The DOJ claims the former executives and employees perpetrated a fraudulent scheme by selling clients—most of whom were pharmaceutical companies—advertising inventory the company did not have and then under-delivering on its advertising campaigns. Despite these under-deliveries, the company allegedly still invoiced its clients as if it had delivered in full.
The DOJ also alleges that to conceal under-deliveries, Outcome employees at the time falsified affidavits and proofs of performance to make it appear the company was delivering advertising content to the number of screens in its clients’ contracts.
Outcome executives and employees also inflated patient engagement metrics regarding how frequently patients engaged with its devices. Desai allegedly altered studies presented to clients to make it appear that the campaigns were more effective than they actually were, the DOJ said.
Outcome not only overcharged clients, it also overstated its revenue for 2015 and 2016, according to the charges.

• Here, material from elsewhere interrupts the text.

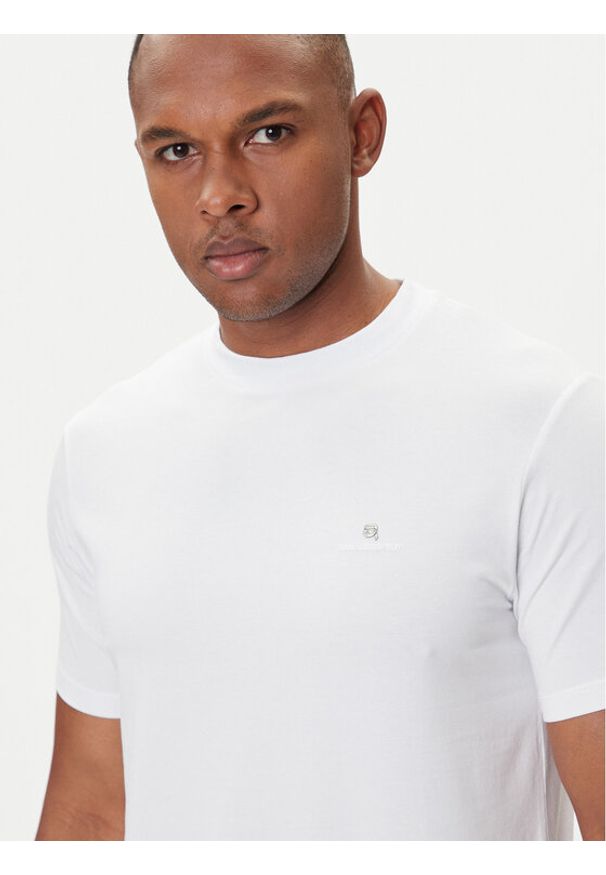 Karl Lagerfeld - KARL LAGERFELD T-Shirt 755053 554235 Biały Regular Fit. Typ kołnierza: dekolt w karo. Kolor: biały. Materiał: bawełna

"The company’s outside auditor signed off on the 2015 and 2016 revenue numbers because Purdy, Desai, Choi, and Han allegedly fabricated data to conceal the under-deliveries from the auditor," the DOJ said. "Shah, Purdy, and Agarwal then allegedly used the inflated revenue figures in Outcome’s 2015 and 2016 audited financial statements to raise $110 million in debt financing in April 2016, $375 million in debt financing in December 2016 and $487.5 million in equity financing in early 2017. "

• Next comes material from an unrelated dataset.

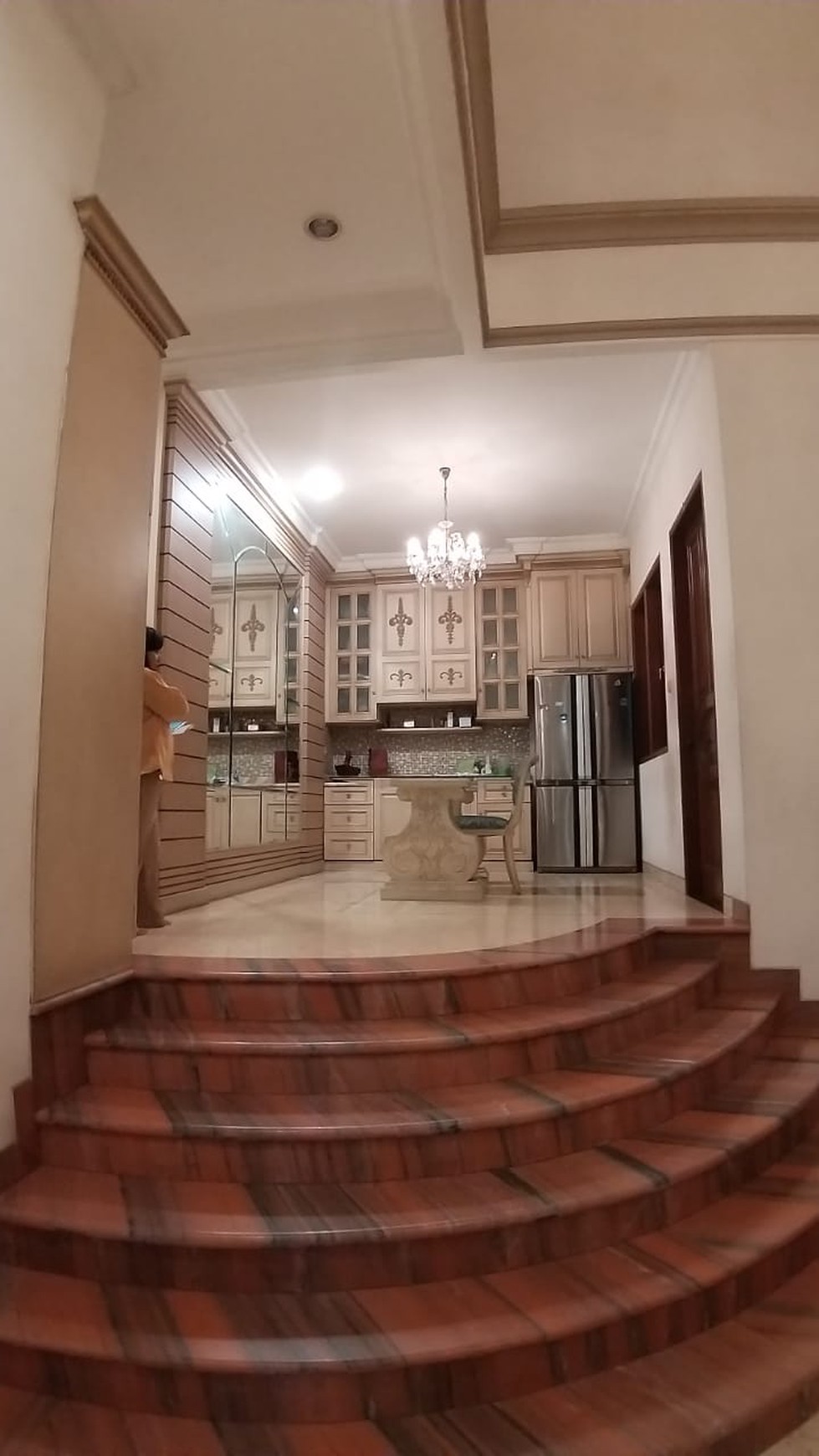 Rumah Hitung Tanah Area Cipete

The $110 million debt financing allegedly resulted in a $30.2 million dividend to Shah and a $7.5 million dividend to Agarwal; the $487.5 million equity financing allegedly resulted in a $225 million dividend to Shah and Agarwal, according to the allegations.
"The deception alleged to have been committed by the defendants tricked clients into paying for advertising it failed to deliver and served to falsely inflate the value of Outcome Health,” Assistant U.S. Attorney Brian Hayes, chief of the Criminal Division for the Northern District of Illinois, said in a statement.